◆ Task directions:
Output each entry below as it stands, leaving out every picture.

-.-.-

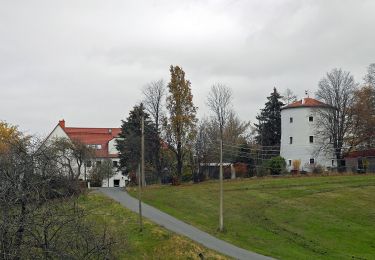 Excursión A pie Steina - Rundwanderweg Gelber Punkt Ohorn - Steina - Luchsenburg - Photo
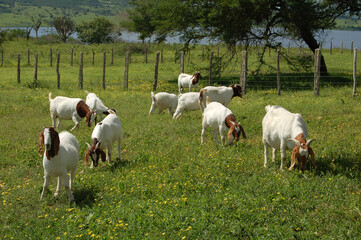 Obraz premium A group of great Boer goats grazing on the farm's green pastures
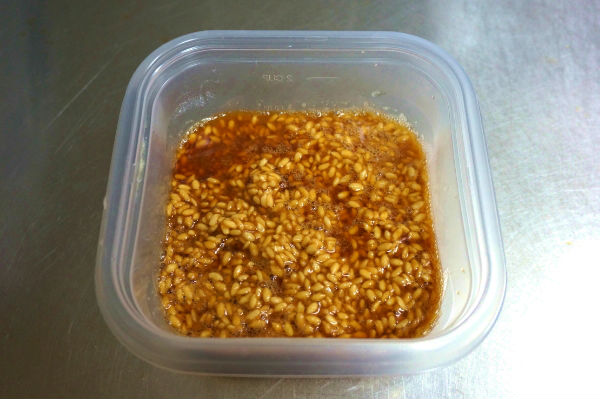 醤油麹1日目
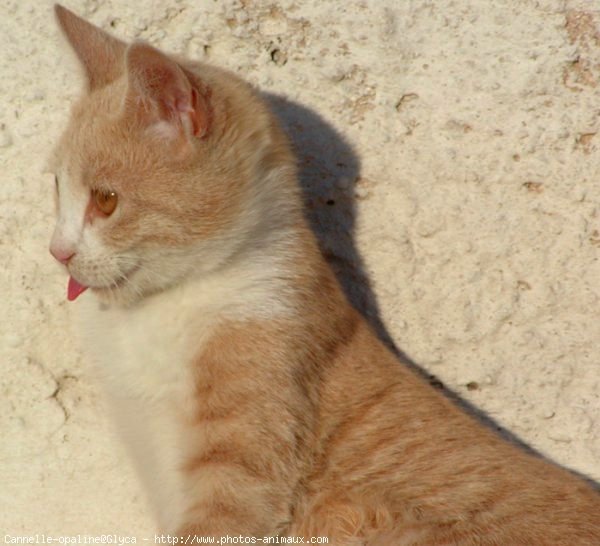 Photo de Chat domestique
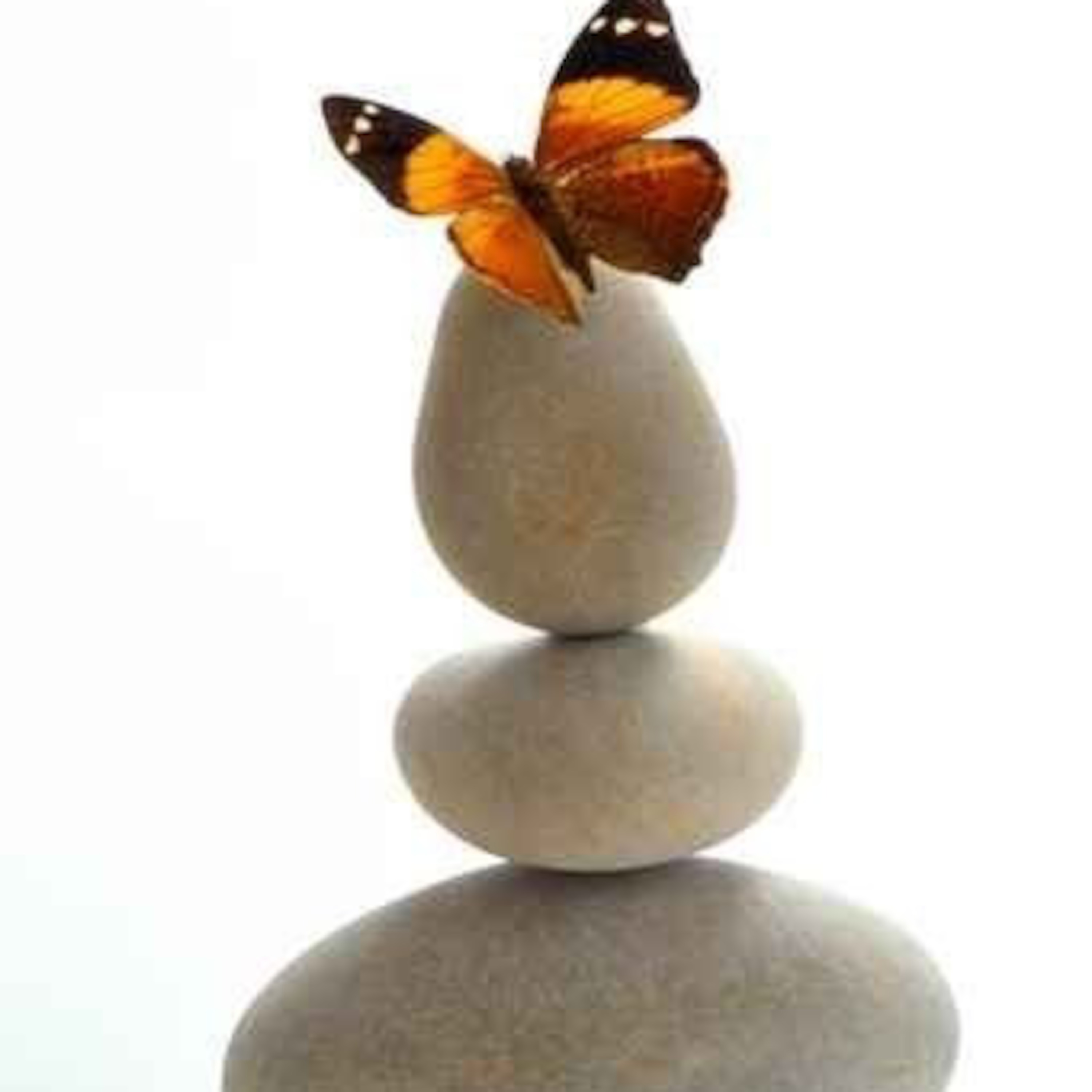 Transform Your Life! podcast artwork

-.-.-

◆ Task result:
 Excursión A pie Steina - Rundwanderweg Gelber Punkt Ohorn - Steina - Luchsenburg - Photo
 Obraz premium A group of great Boer goats grazing on the farm's green pastures
 醤油麹1日目
 Photo de Chat domestique
 Transform Your Life! podcast artwork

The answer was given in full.